HSJ’s fortnightly briefing covering safety, quality, performance and finances in the mental health sector. Mental Health Matters is now written by HSJ’s new mental health correspondent, Rebecca Thomas. Tell her what you think, or about issues she could write about, by emailing her in confidence at firstname.lastname@example.org or by sending a direct message on Twitter.
The long-awaited long-term plan was published last week. For mental health, we had some strong promises around money and access standards, but the ambitions around learning disabilities and autism felt underwhelming.
The pledge to increase real terms mental health spending by at least £2.3bn after five years has landed well with the sector.
But to meet the parallel pledge – for mental health spending to rise faster than the overall NHS budget – then the “at least” part of that sentence is going to be important.
The planning guidance confirms that additional mental health cash will flow into CCGs’ allocations from 2019-20. But as we don’t know what the final 2018-19 spend on mental health services is going to be, it’s not yet clear what the baseline will be.
However, if we take the average increase over the last two years, the figure for 2018-19 should be around £12.5bn. Taking this as the baseline, raising mental health spend by £2.3bn after five years would represent an increase of 3.42 per cent – which is virtually neck and neck with total NHS growth (see graph below).
The graph shows the cash increases needed to meet an overall real terms NHS funding uplift of £20.5bn, and the mental health uplift of £2.3bn, based on 2018-19 prices.
The nod towards community mental health teams was a welcome feature of the long-term plan and with it came two key pledges.

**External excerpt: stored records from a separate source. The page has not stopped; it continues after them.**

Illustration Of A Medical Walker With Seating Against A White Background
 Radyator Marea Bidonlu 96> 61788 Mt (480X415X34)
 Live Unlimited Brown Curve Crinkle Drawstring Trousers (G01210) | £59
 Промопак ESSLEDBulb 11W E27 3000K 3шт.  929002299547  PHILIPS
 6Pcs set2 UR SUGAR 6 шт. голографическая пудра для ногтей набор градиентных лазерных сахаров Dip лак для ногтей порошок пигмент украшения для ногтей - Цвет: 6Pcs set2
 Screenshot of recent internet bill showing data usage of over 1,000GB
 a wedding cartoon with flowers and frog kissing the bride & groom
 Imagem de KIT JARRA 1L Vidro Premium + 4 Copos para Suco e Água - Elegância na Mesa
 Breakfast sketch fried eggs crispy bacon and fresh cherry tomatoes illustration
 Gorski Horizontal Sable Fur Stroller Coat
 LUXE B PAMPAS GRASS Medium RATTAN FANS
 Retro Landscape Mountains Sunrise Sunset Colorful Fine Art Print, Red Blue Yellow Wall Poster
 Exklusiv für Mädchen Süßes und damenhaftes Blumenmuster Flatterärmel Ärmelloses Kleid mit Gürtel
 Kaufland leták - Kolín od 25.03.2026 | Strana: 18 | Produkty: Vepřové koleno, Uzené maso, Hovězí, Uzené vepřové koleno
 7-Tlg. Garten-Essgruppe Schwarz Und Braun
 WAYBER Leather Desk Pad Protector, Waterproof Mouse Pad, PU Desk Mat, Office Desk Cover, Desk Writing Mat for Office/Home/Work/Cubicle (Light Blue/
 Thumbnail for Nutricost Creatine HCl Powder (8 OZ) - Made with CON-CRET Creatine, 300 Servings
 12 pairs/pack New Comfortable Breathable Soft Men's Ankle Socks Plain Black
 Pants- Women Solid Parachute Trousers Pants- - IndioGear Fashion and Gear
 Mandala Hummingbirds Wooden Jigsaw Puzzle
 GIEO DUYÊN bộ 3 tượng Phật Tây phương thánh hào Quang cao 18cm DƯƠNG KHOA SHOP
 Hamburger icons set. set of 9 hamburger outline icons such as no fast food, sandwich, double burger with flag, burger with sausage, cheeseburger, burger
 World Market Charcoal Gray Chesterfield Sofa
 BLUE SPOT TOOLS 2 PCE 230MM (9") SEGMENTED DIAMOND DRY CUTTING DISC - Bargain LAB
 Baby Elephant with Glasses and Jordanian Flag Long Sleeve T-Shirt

In an attempt to recognise the needs of those with severe mental health problems, NHS England said it would improve these patients’ access to community services through “new integrated models of care”.
Leaders won’t set much store on the promises of new care models until some actual detail is given on the “what” and the “when”. Although, a recent blog from the national director for primary care suggests that emerging primary care network models will play an important role.
The other main pledge, to introduce an access target for community mental health teams, is far more tangible and could be a game changer.
Introducing an access target for community care sends a strong signal that the services which keep people well should be prioritised. If implemented correctly, this could help finally shift the rhetoric within mental health from reaction to prevention.
That being said, data showing a 20 per cent cut by some trusts in their community health teams since 2012-13 suggests NHS England has a big funding hole to fill before any target can realistically be imposed on providers.
The learning disability and autism chapter of the long-term plan offered a list of good intentions, but failed to give any real detail on progression from the last national plan that was published for the sector.
When NHS England published guidance for the transforming care programme in 2015, it promised to reduce inpatient provision by 35 to 50 per cent and commission new intensive community and crisis support services to keep patients out of hospital.
These were laudable intentions, but as an HSJ investigation last year showed, they have largely failed to deliver results.
NHS England has now promised that at least 50 per cent of inpatient units will be closed and investment in seven day intensive community, crisis and forensic support services will be increased by 2023-24.
It is the lack of detail on the second point which raises the risk of repeating past failures.
Promises made in 2015 did not stick, and so to ensure plans for the next five years go beyond just signalling good intentions, some clear directions on local funding with targets to hold commissioners to account will need to be produced.